When a line of the entries contains the word "Summer", report that line.

Supplied data START

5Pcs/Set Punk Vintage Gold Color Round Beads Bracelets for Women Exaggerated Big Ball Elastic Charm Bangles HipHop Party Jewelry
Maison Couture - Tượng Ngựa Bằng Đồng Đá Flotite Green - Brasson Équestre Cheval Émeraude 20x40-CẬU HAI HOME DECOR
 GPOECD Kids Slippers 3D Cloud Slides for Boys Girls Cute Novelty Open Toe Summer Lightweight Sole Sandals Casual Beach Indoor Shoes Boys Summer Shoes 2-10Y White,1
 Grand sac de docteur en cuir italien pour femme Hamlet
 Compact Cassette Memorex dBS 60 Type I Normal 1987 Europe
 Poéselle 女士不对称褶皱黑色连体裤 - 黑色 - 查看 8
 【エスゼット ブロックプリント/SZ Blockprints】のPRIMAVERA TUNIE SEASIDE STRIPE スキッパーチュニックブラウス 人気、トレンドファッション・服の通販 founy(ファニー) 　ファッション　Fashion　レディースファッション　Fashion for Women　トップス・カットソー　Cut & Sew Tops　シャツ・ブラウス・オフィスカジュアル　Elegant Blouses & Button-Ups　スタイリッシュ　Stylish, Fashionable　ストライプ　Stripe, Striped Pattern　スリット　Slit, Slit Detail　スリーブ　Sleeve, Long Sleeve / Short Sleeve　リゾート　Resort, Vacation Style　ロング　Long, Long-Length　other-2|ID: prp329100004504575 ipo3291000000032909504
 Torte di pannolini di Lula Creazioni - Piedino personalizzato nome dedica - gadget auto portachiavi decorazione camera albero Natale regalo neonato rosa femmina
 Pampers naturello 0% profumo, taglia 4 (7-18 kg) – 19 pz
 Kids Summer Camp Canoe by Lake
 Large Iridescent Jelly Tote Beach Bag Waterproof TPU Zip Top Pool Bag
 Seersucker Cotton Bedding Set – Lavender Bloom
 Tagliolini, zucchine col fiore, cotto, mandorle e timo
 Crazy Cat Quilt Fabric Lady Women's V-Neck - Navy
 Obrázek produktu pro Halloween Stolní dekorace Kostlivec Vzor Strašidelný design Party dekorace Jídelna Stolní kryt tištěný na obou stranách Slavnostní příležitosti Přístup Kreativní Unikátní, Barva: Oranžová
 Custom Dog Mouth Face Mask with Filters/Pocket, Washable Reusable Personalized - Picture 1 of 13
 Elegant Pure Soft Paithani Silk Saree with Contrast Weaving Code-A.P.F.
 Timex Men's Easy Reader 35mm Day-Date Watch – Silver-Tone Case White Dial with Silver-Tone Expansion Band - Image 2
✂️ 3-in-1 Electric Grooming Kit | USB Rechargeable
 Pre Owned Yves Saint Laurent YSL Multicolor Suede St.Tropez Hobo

Supplied data END

■ Answer below
 GPOECD Kids Slippers 3D Cloud Slides for Boys Girls Cute Novelty Open Toe Summer Lightweight Sole Sandals Casual Beach Indoor Shoes Boys Summer Shoes 2-10Y White,1
 Kids Summer Camp Canoe by Lake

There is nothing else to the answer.